# Data Crawling

## Overview

This ibnby file contains information about the code and process performs a data crawling operation to fetch and process anime data from the MyAnimeList (MAL) API:
- Uses the requests library to send GET requests to the MAL API endpoint
- Authentication is handled via a CLIENT_ID in the request headers.
- Fetches data for four predefined seasons (SEASONS) and filters it by genres to include and exclude.

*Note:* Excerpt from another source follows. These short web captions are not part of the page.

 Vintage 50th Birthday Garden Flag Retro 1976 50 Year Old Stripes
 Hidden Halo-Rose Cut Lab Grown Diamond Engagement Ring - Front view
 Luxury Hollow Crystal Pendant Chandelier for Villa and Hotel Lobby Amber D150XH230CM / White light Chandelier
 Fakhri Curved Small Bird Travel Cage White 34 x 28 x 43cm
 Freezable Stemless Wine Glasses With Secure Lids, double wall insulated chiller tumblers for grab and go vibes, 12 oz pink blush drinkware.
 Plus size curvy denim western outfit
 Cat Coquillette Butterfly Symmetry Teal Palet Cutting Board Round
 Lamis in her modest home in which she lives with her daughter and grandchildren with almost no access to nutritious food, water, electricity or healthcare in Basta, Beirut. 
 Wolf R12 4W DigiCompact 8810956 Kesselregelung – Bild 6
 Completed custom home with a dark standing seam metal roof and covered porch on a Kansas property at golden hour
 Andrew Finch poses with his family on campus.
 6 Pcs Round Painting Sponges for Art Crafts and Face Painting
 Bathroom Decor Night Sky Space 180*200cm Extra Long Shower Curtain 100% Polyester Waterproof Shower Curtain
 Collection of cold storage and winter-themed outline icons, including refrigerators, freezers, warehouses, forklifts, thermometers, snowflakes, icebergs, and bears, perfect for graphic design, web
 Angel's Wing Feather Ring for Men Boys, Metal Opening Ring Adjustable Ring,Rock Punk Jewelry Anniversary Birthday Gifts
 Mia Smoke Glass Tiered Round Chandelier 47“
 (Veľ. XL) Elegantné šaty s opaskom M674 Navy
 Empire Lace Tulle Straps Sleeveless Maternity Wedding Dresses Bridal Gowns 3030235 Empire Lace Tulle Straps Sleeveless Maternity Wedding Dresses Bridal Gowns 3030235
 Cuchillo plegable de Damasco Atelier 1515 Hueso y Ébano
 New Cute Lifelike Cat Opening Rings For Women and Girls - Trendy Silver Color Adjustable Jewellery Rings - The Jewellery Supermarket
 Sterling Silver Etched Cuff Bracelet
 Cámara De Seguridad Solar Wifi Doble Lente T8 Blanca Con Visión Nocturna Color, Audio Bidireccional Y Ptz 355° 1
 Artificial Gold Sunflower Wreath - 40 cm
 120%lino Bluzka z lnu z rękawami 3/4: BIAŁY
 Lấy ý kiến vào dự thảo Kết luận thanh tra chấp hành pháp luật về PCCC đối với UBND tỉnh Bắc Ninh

Only retrieve anime that contain one of the specified genres (based on INCLUDE_GENRE_IDS) and exclude sensitive or inappropriate genres (based on EXCLUDE_GENRE_IDS).
- Only take anime that are "tv" (series) or "movie" in format.
- Filter completed or currently airing anime.
- Only take anime that have at least 10,000 members and 5,000 ratings.
- Handles paginated API responses using the offset parameter to fetch all available results for each season, stops when there are no additional pages.
- There is a mechanism to avoid rate-limiting issues and raise messages for unsuccessful API responses (non-200 status codes).
- Saves the processed data into a CSV file for tabular organization and use it for later step - Data Exploration.

## Import

In [1]:
import requests # For retrieving data from web APIs.
import pandas as pd # For handling and analyzing tabular data
import time # For adding delays or handling time-sensitive tasks
from datetime import datetime # For working with date and time

## Definitions

In [2]:
# MAL API Client ID
CLIENT_ID = 'a6a65b1404bd8c16be09628276f0a329'

# Base URL for the MAL API (get anime by season)
BASE_URL = 'https://api.myanimelist.net/v2/anime/season'

# Seasons (start from Winter)
SEASONS = ['winter', 'spring', 'summer', 'fall']

# Genre IDs (check the comments below)
INCLUDE_GENRE_IDS = [1, 2, 4, 8, 10, 7, 22, 24, 36, 30]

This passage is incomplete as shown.